Iris Lun shares her experience about what it’s really like to be living in Hong Kong during the Coronavirus outbreak and if any positives can be found during this time of uncertainty.
It has been a rough start to the Year of the Rat for Hong Kong since the spread of the novel coronavirus (COVID-19). Constant news feeds and social media opinions on the latest updates have kept everyone on alert. People were queuing up overnight for face masks and hand sanitiser. Rumours about shortage of toilet paper sparked a panic buy which left shelves empty.
As of 25 February 2020, around 0.001% (85 infected cases) of the Hong Kong population have become victims of the epidemic of the disease, whilst almost 100% of the population have become victims of the epidemic of anxiety.
It takes a positive mindset to remain sane amidst all the chaos, and just like all crises in history, there are lessons and opportunities coming out from this.
Changing Work Life
To minimise the potential community spread of the virus, businesses along with government departments have arranged for some or all of their staff to work from home. This has proved to be a challenge for those who lack offsite/online access to essential systems, causing some businesses to scale back or even cut their services. Regardless of the presence of business continuity and crisis management plans, there is a push to make use of online meeting tools to communicate with colleagues and clients.
While some are still getting used to this new work pattern, others are reporting higher efficiency and productivity as they do not need to worry about the commute time and risk of contracting the virus. This is a test case for technology and risk management readiness, and may pave the way for “flexi work life” to become more common for Hong Kong.
Increasing Insurance Awareness
The COVID-19 scare has caused people to be more health conscious and risk adverse. Many have been thinking about their insurance protection needs, but for most Hong Kong insurance products the coverage against COVID-19 is limited. Health insurance mainly covers private hospital expenses but currently all COVID-19 patients are being treated in public hospitals. COVID-19 is also not a defined disease covered in critical illness insurance, unless it leads to other complications (e.g. terminal lung disease).
The exception to this is pure life insurance products where there is coverage on COVID-19 related deaths. In the past pure protection products have not been pushed by the intermediaries due to the relatively low premium and commission. However, awareness and demand build up may change this.
In the meantime, many insurers in Hong Kong have launched special campaigns on COVID-19 related coverage for both existing and new customers. These include daily hospital cash and/or one off cash payment in the event of COVID-19 diagnosis, compulsory quarantine cash benefits and death benefits. Since these are essentially free additional benefits, most offers have a limited time frame of 3-6 months.

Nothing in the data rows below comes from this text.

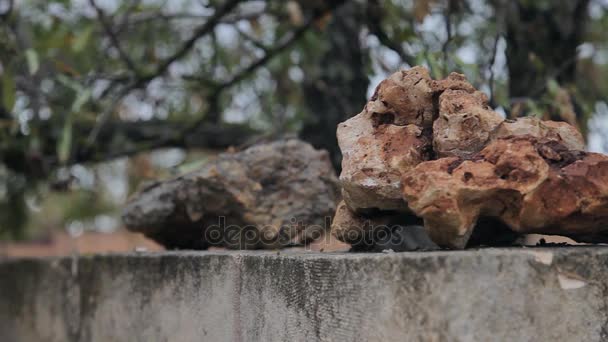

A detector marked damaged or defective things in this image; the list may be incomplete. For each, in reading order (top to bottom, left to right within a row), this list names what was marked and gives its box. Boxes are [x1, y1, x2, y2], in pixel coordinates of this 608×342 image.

cracked concrete edge [1, 248, 608, 342]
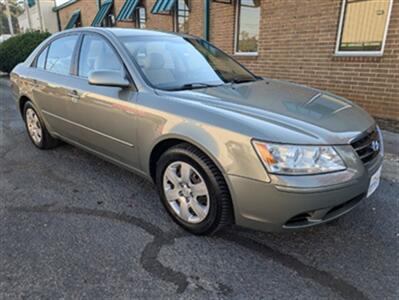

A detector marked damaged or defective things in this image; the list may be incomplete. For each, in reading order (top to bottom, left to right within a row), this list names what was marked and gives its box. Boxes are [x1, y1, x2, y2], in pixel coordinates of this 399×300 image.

pavement crack [220, 232, 370, 300]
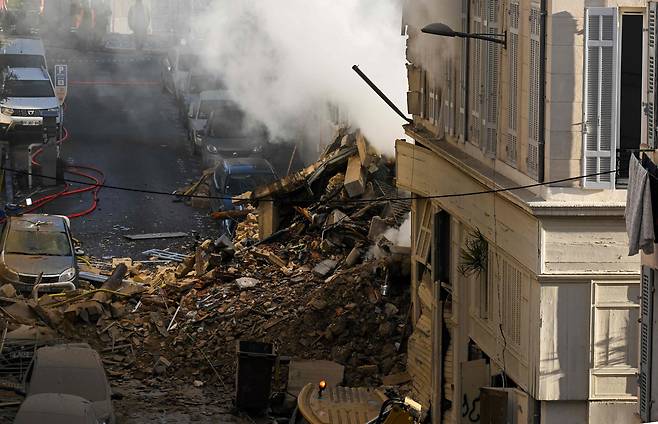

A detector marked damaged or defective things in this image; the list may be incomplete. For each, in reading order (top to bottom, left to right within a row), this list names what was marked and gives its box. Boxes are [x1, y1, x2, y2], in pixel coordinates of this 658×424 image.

damaged facade [400, 0, 644, 424]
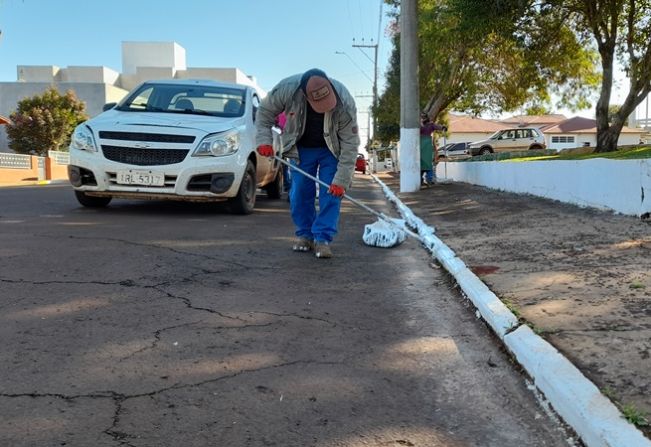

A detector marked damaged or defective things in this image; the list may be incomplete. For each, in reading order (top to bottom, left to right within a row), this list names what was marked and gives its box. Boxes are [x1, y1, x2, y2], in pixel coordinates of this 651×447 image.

cracked asphalt [0, 177, 572, 446]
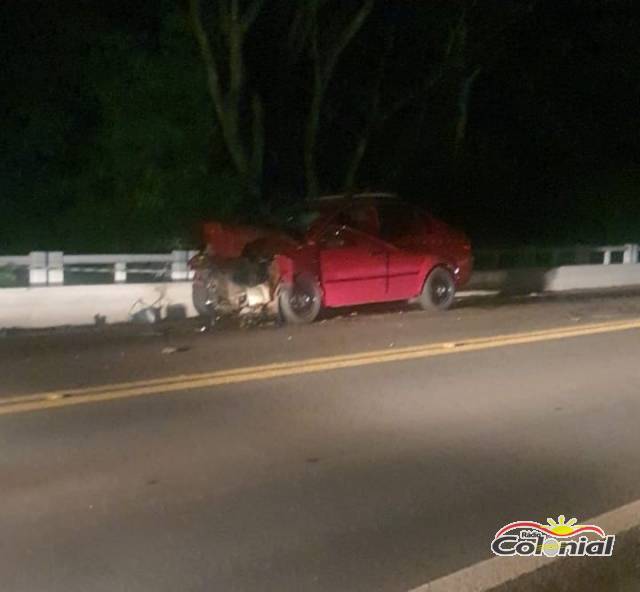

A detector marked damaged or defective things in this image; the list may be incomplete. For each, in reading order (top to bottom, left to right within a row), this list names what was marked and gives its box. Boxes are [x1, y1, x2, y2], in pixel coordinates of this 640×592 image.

damaged red car [188, 193, 472, 324]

Changing Customer Preference
Traditionally the majority of the insurance sales in Hong Kong are conducted through face to face via tied agents, banks and brokers. However, these traditional sales channels started facing a downward trend since August 2019 due to the social protests in Hong Kong. Now with the COVID-19, customers and prospects just want to avoid meeting the intermediaries. Additionally, various agents from prominent insurers were caught on social media ushering mainland Chinese customers to Hong Kong before the compulsory quarantine in early February. This has further put local customers off due to the perceived additional risk of infection.
Meanwhile the digital insurance channels are benefiting from the situation. The few digital insurers in Hong Kong have reported more than doubling of sales since the start of the COVID-19 scare, while traditional insurers have also reported increase in customers using electronic platforms for claims and other policy transactions. The Hong Kong Insurance Authority has also just announced temporary measures to waive the face-to- face sales procedures on certain insurance products. Once customers get used to doing insurance online this can become a longer term habit.
The COVID-19 looks to be the disruptive factor to drive protection needs and a shift to digital communication and insurance sales platform. In the short term, anxiety will remain as the extent and impact of the disease is still unclear. As actuaries and leaders, we have the responsibility and skills to navigate through uncertainty with sound judgement, despite all the negative news around. By keeping a healthy body and mind we can focus on the positive, and opportunities for the present and the future.